5 Things To See & Do In Rotterdam

How To Get Around Rotterdam

Rotterdam Welcome Card

Connecting From Schipol Airport

Getting To The Ahoy Arena (Eurovision 2020 Venue)

Map With Recommendations

We all know about the issues around accommodation in Rotterdam this year and the huge spike in cost that’s been reported. Sadly, we can’t help you out on that one –– in fact, we still haven’t gotten sorted ourselves. But we have relayed this to the local tourist board and pretty much everyone we met, so fingers crossed this sticky situation improves.

In the meantime, we can help in a small way by suggesting you expand your area search. Hear us out: The Netherlands is a very, very accessible country with its cities lying quite close to one another and excellent transport infrastructure, so you might consider basing yourself in Schiedam, Delft, Dordrecht or a little further out in The Hague, Utrecht, Leiden or Amsterdam.

Where To Eat in Rotterdam | Casual/Cheap Eats

William’s Canteen

Set on William Boothlaan, this spot reflects the Sixties vibe of architecture on the street its based on with its plush, old-meets-new, kitsch-meets-industrial interiors.
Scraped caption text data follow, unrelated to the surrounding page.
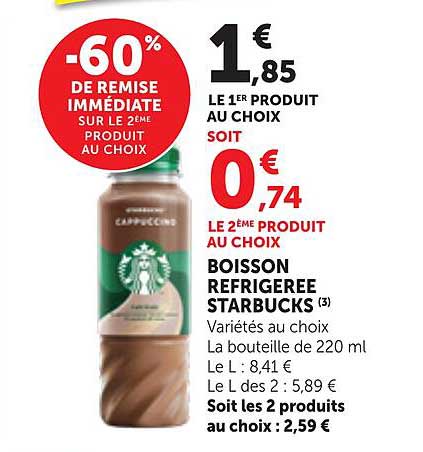 -60% DE REMISE IMMÉDIATE SUR LE 2ÈME PRODUIT AU CHOIX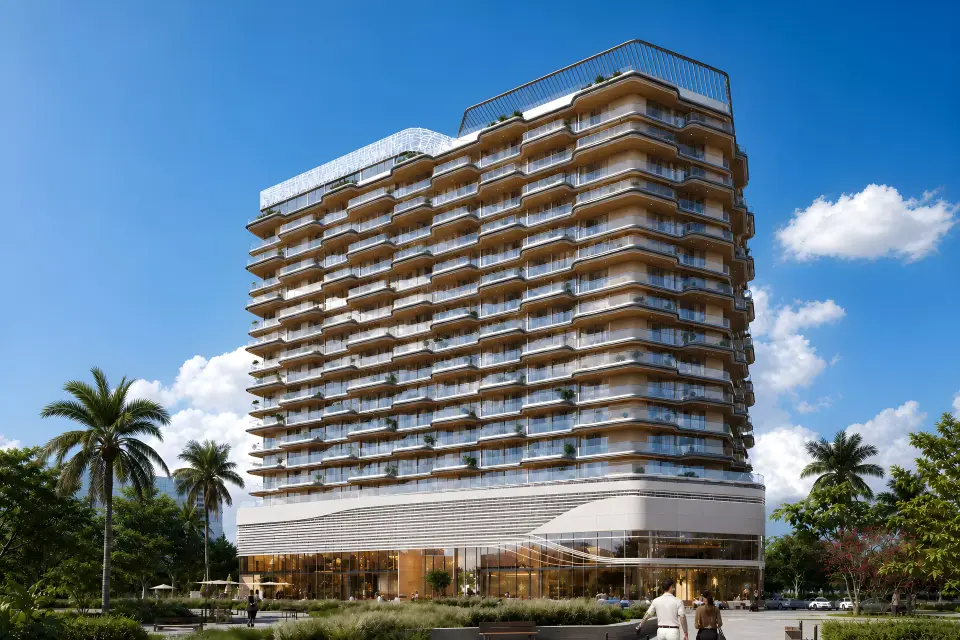 Treppan Vision by Fakhruddin Properties in Dubai Land Residence Complex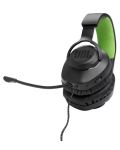Гейминг слушалки JBL - Quantum 100X Console, Xbox, черни/зелени - 3t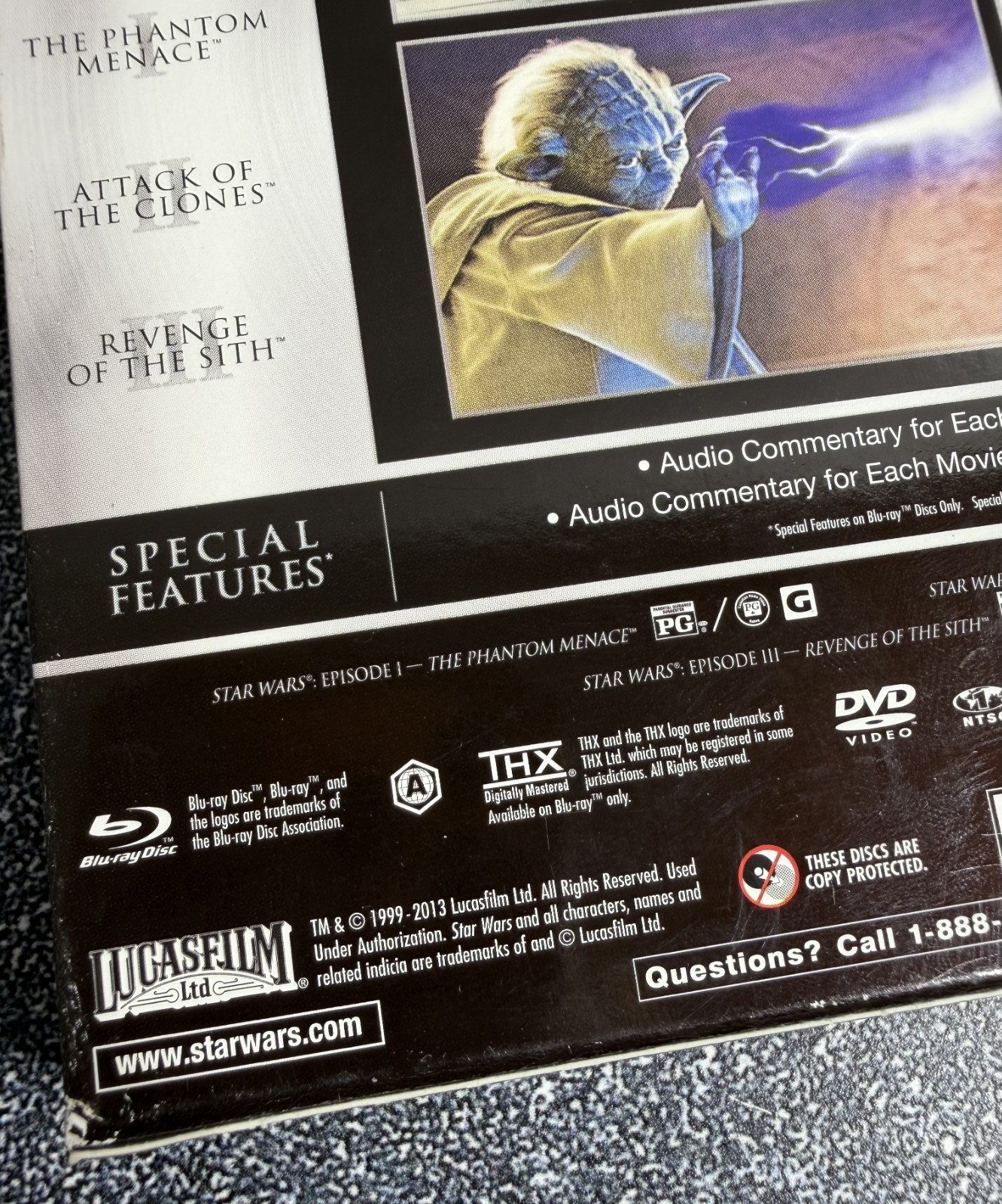 Star Wars Trilogy Episodes I, II, and III (Blu-ray + DVD)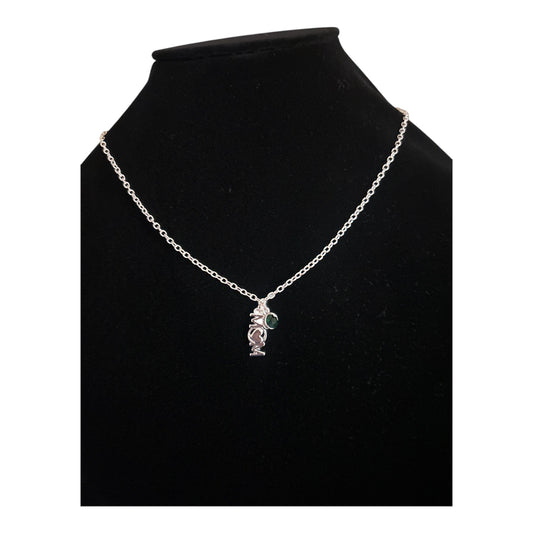Sterling Silver Mom Necklace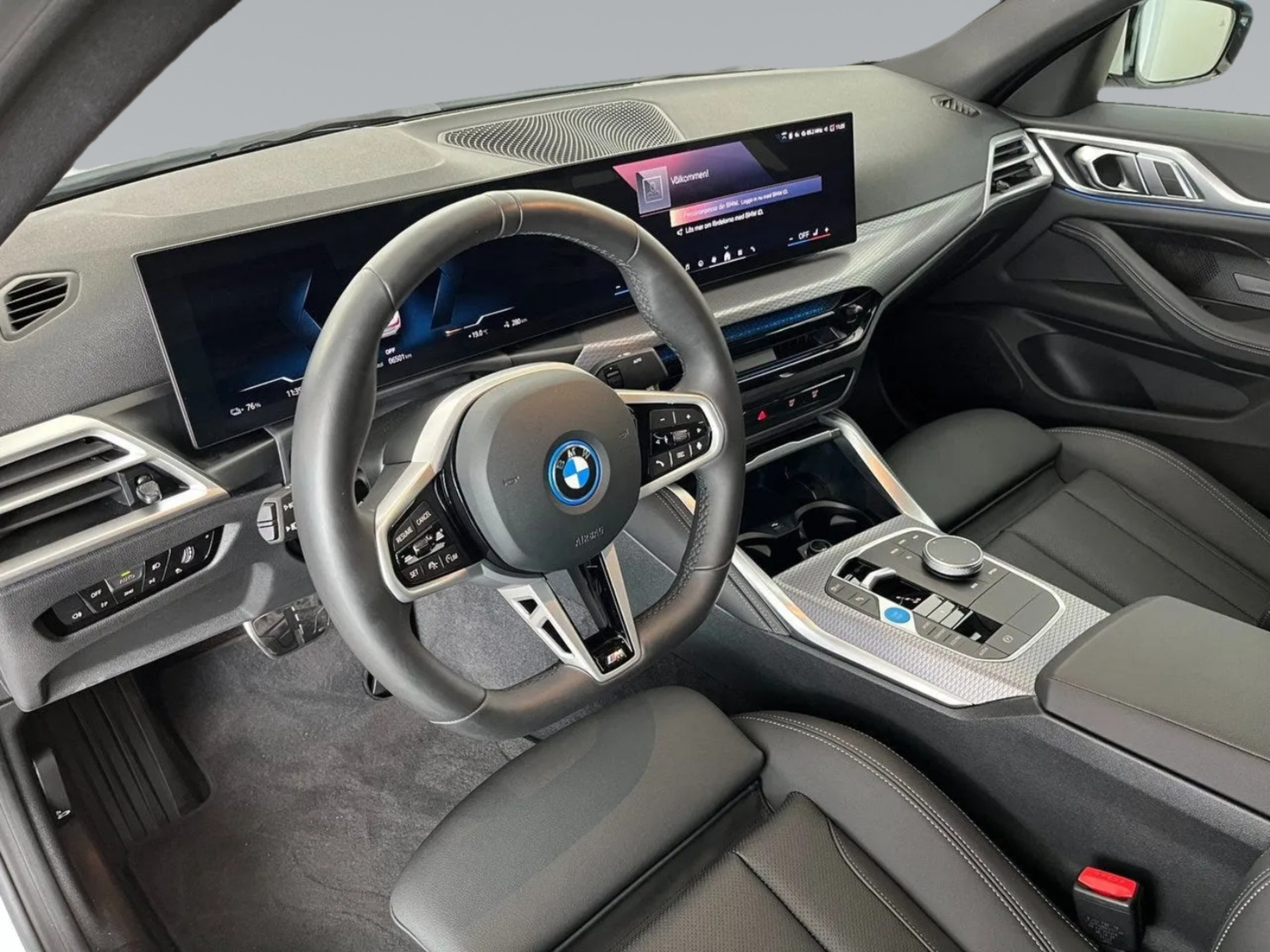Hvid BMW i4 fra 2025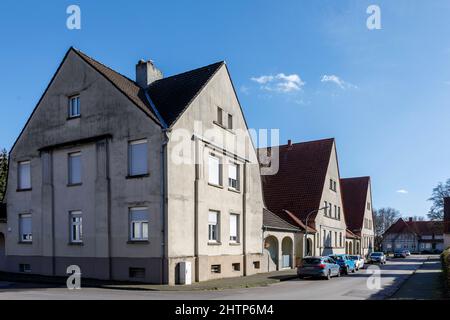 Gartenstadt Welheim settlement in Bottrop, the workers' settlement is part of the Industrial Heritage Route Stock Photo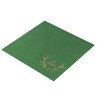 Juvale 50-Pack Green Be Merry in Gold Foil Disposable Paper Cocktail Napkins for Christmas Party Supplies - 4 of 4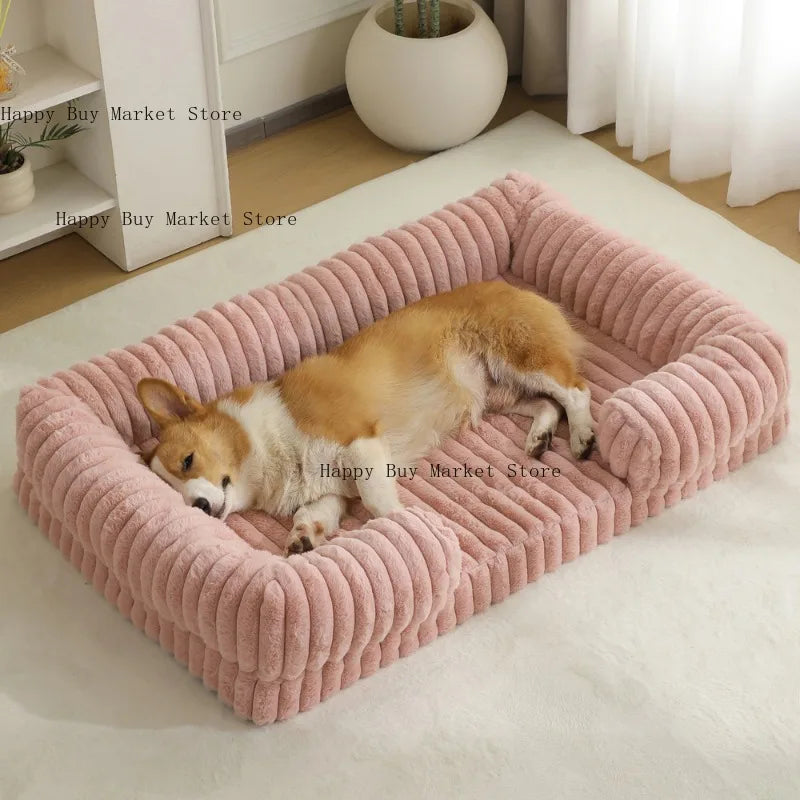 Canapé Orthopédique Chien - Mousse Mémoire - Housse Imperméable Amovible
Closed entirely on Mondays, they open the rest of the week from 9am in the morning ’til midnight or 1am, so this really is an all-day affair.

Stop by for a lazy brunch, hearty lunch, a couple of plates to savour in the evening and it’s always a good spot to grab an exceptionally-made coffee (well-made filter is big here) or a drink. They have a particularly wonderful value, filling breakfast which includes a poached egg on avocado toast, granola with yoghurt and berries, orange juice and coffee for €8 each.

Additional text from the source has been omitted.